I had an intense desire to know before puberty but didn’t want to search during my late teens, college years, or early twenties. I was too busy separating from my adoptive parents. But if contacted, I would have wanted to make the decision. Adoptive parents, please don’t search for your child unless asked to, or unless there are real problems you feel may have stemmed from his or her genetic history or experiences before joining your family. The search isn’t about you. It is a search for self. I wanted to know my story, who I looked like, ethnic background, and medical history. To meet the creator and say, “Look at me! I’m okay. I turned out all right. You made the right decision.”

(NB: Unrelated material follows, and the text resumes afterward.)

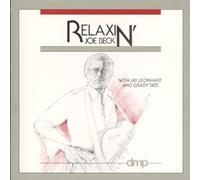 Beck,Joe - Relaxin'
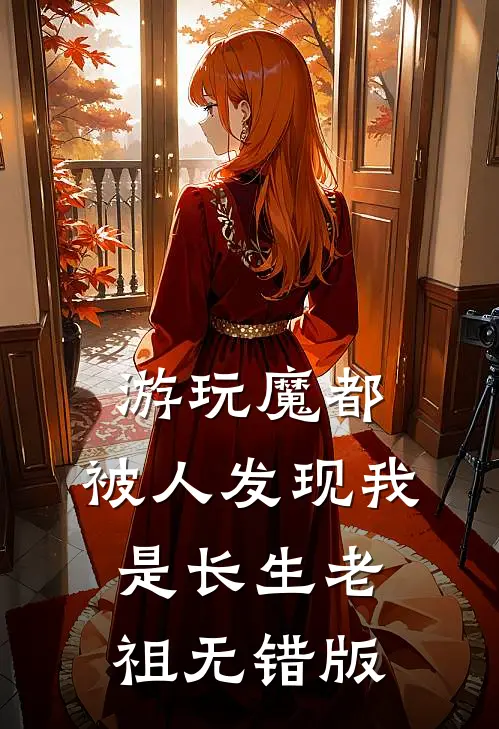 游玩魔都：被人发现我是长生老祖无错版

The adoptive parents’ role in an adoptee’s reunion? It is not to voice your insecurities over your ability to parent; your job is to be there for your child. To give him or her the gift of trust. At one of the most intense moments of his or her life, it is unfair and selfish to play the wronged parent. What does it say about your relationship if your child searches after you die? The most consistent outcome of adoption reunion is the strengthening of the supportive adoptive family. Why be an adoptive parent? Because it makes a difference.
Children need homes, and parents need children to create a family. Teach how to fold towels, grandma’s recipes, to play fair, and introduce us to literary classics, teach how to drive, to handle conflict, favorite ball teams, and the best political party. I’ll sleep in your arms, play peek-a-boo, bring “I love you” drawings to put on the refrigerator, alarm you with my adolescent fashion sense, and ask for the car keys. Families never stop growing and learning from each other. Understanding teaches courage; courage teaches stability; stability teaches trust; trust teaches acceptance; acceptance teaches love; and love makes the human heart elastic enough to make adoption less of a commodity transaction and more of an extension of family, and that is an adoptee’s advice about good adoptive parenting.
This article is excerpted from a speech at a RESOLVE conference in Philadelphia.